迎えた予選では、Q1をトヨタ陣営のトップとなる5番手で終え、こちらもファンの期待を裏切らないポジションにつける。ただし、その後行われたQ2では、セクター4で全体ベストをマークしながらコントロールラインを通過したものの、結果的には10番手。Q2の上位8台が参加できるQ3への進出を果たすことはできず、Q2敗退を喫した。
実はこの時、可夢偉のマシンにはトラブルが発生していたのだという。
「残念ながらサスペンションのトラブルがあって、その状態で予選をやっていました」と可夢偉。予選Q1の時点でもマシンが曲がらない症状が発生していたが、問題は、データ上ではトラブルが見つからなかったこと。可夢偉もこれを「普通の状態」だと考え、乗り切っていた部分もあった。
Q2に向けてセットアップを変更したが、症状はおさまらず。そこで調べてみたところ、トラブルが見つかった。ただ、今回の結果については「(トラブルの割には)そんなに悪くはなかったのかなと、正直自分の中では思っています。トップを戦えるようなペースもなかったですし、初めて予選を戦って、非常にハイレベルでタイムも僅差だということが分かったので、すごくいい勉強になった」とあっさり。明日の決勝に向けては、スタートでもリスクは犯さず、まずは完走を目指したいのだと語った。

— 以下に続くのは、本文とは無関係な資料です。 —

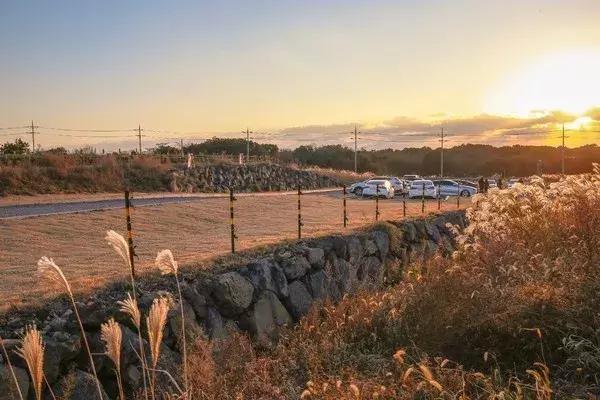 济州岛旅游攻略三天两夜冬天,济州岛旅游必看攻略冬天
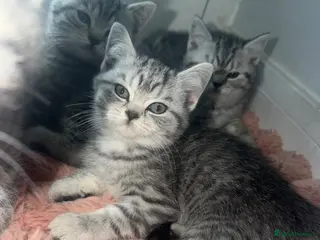 British Shorthair cats SILVER TABBY BRITISH SHORT HAIR - Advert 11
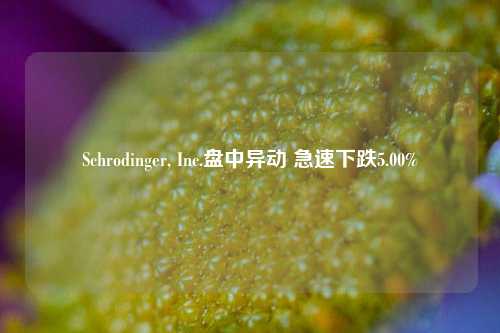 Schrodinger, Inc.盘中异动 急速下跌5.00%-第1张图片-解放阁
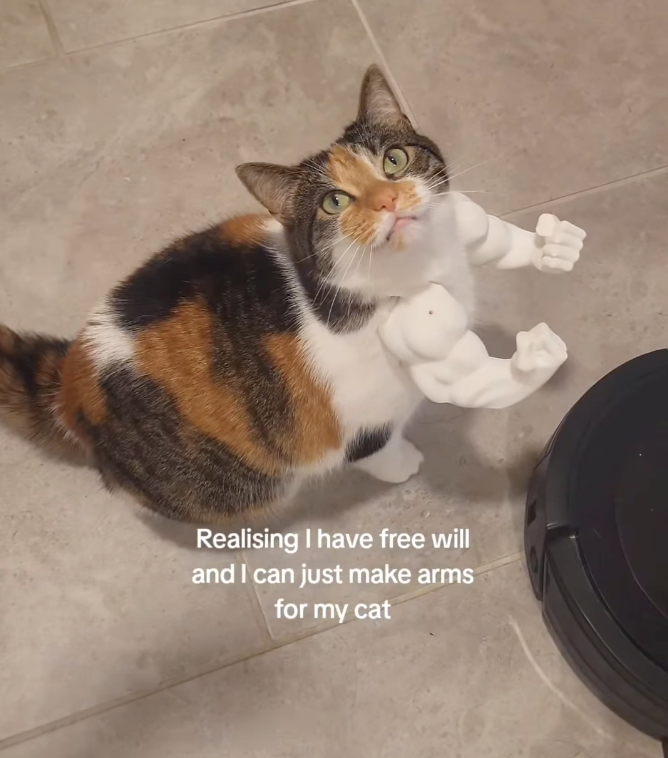 Realising I have free will and I can just make arms for my cat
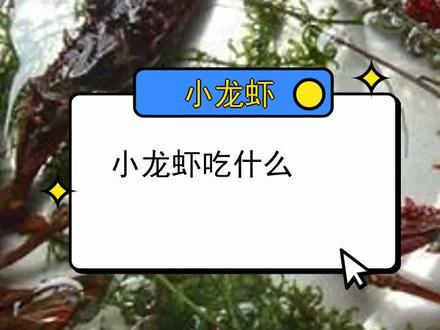 小龙虾吃什么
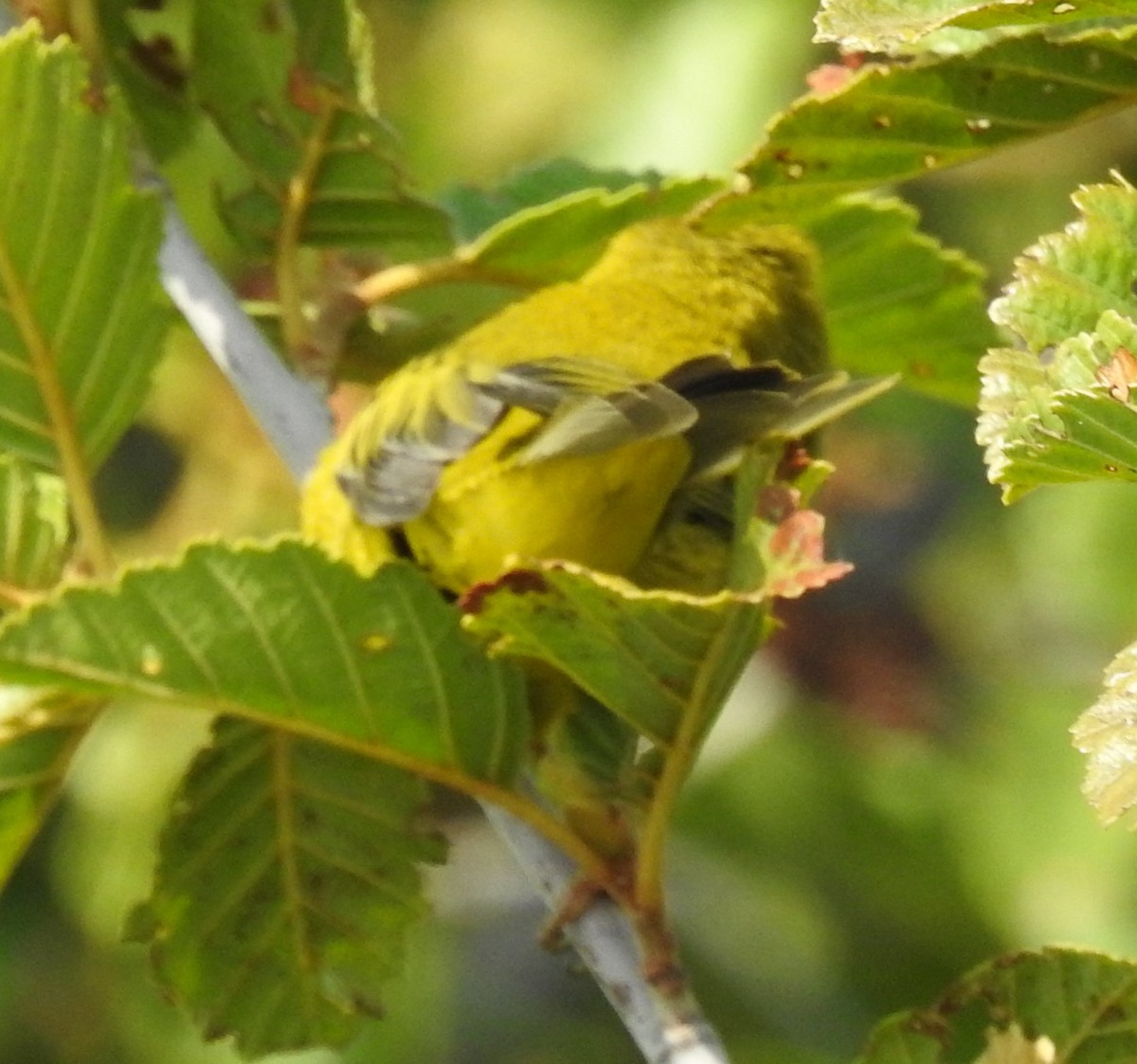 Wilson's Warbler - Shane Sater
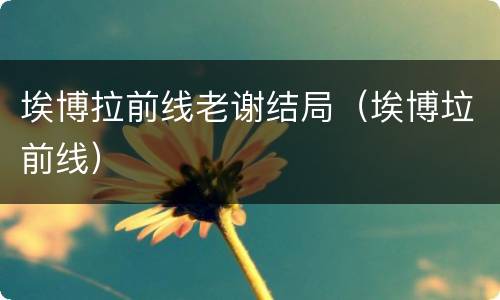 埃博拉前线老谢结局（埃博垃前线）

とはいえ、ファンが可夢偉に求めているのは“圧倒的な結果”でもある。可夢偉は今回の予選後、土曜日のフリー走行が1時間だけであることについて「不満ですね。単純に走って、『はい予選』みたいな、賭けみたいなところもあるじゃないですか。ドライバーが走って、次のセッションで良くなって、というストーリーがあるからファンも追いかけていくんじゃないかなと思いますが、今はあまりにもストーリーがなさすぎて、『なんかあのドライバー当たったね』とか、『あのクルマよかったね』とかそういうレベルで終わってしまう感じがある。ちょっと残念ですね」と語った。
可夢偉の言うストーリーはたしかに大事だが、少なくとも今の可夢偉に関してはファンが見たいのは、やはり、そうした困難な状況もはねのけてトップ争いをする姿だ。
予選でのトラブルによって上位とのギャップは広まってしまったが、これまで何度も逆境を乗り越えてきた可夢偉だけに、決勝のリザルト、そして内容で、予選でたまったファンのフラストレーションを吹き飛ばしてほしい。